# New Member Thinking About Purchasing 2015 Outback Terrain 210Trs



## Liv2pla (Sep 15, 2014)

Hi All,

My wife and I are about to buy a new Outback Terrain 210TRS and I have a few questions.
We tend to camp in remote places with some rough dirt roads. I tow at reasonable speeds for the conditions but bumps and washboard roads concern me with the rear slider on the 210TRS.
I have been intrigued with this floorplan for years but all the post's about the rear wall welds cracking and the roof rails pulling out concern me.
Are there Outbackers out there that off road and have NOT had the rear slider issues?

We have owned a Fleetwood Wilderness TT since 1999 and have been very pleased with it but they did not survive the recession.
It is time for us to get a new TT and it is amazing how well the 210TRS fits our needs.

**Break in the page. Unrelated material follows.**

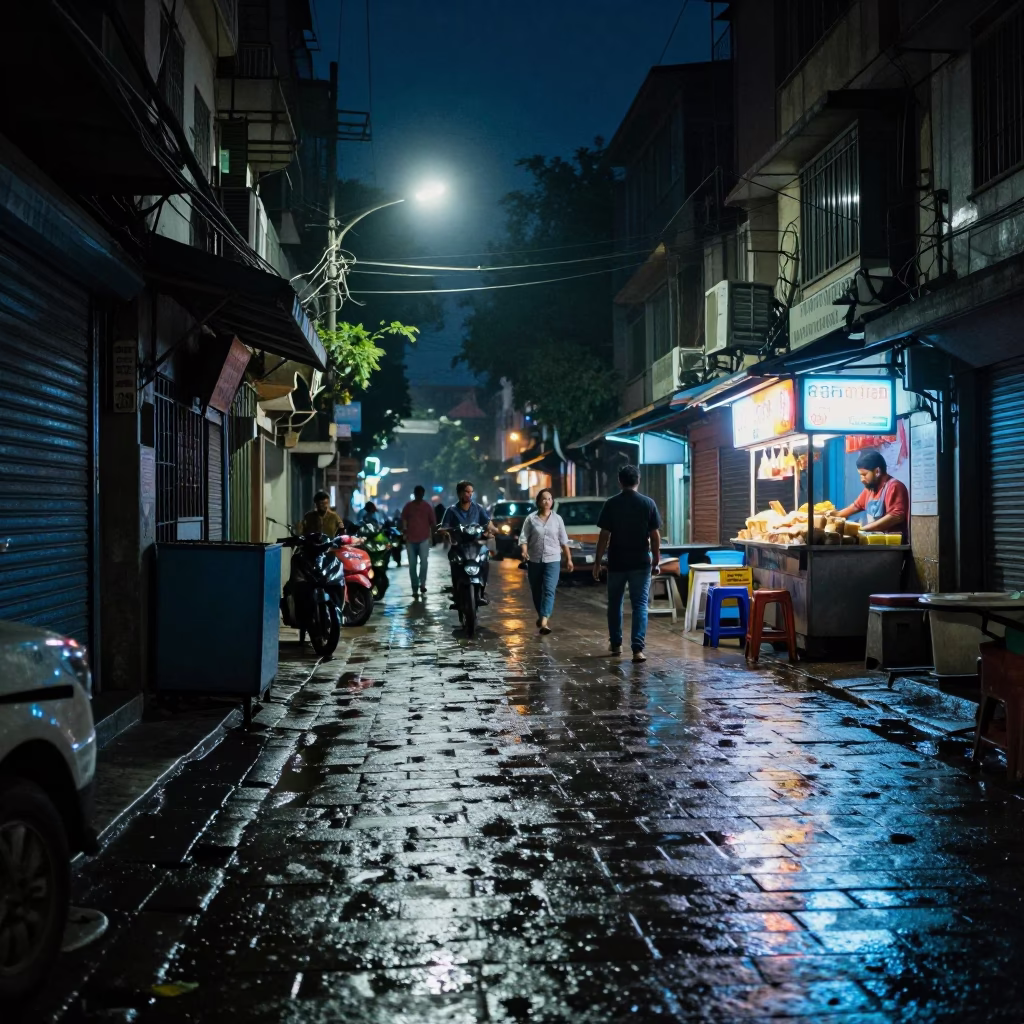 Midnight Kolkata Street Scene with Wet Puddles and Illuminated Shopfronts in in Kolkata, India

Any and all input is appreciated.

Thanks
Liv2pla


----------



## jasonrebecca (Oct 30, 2007)

We have the 21rs ([previous name to the 210rs). We mainly camp off the beaten path and even crossed a few dry river beds with it! Many people have put something like this under their rear slide. Mine is PVC, I plan on making one out of wood at some point. I did have the top rail try to pull out once but I caught it in time and now use the bed support.


----------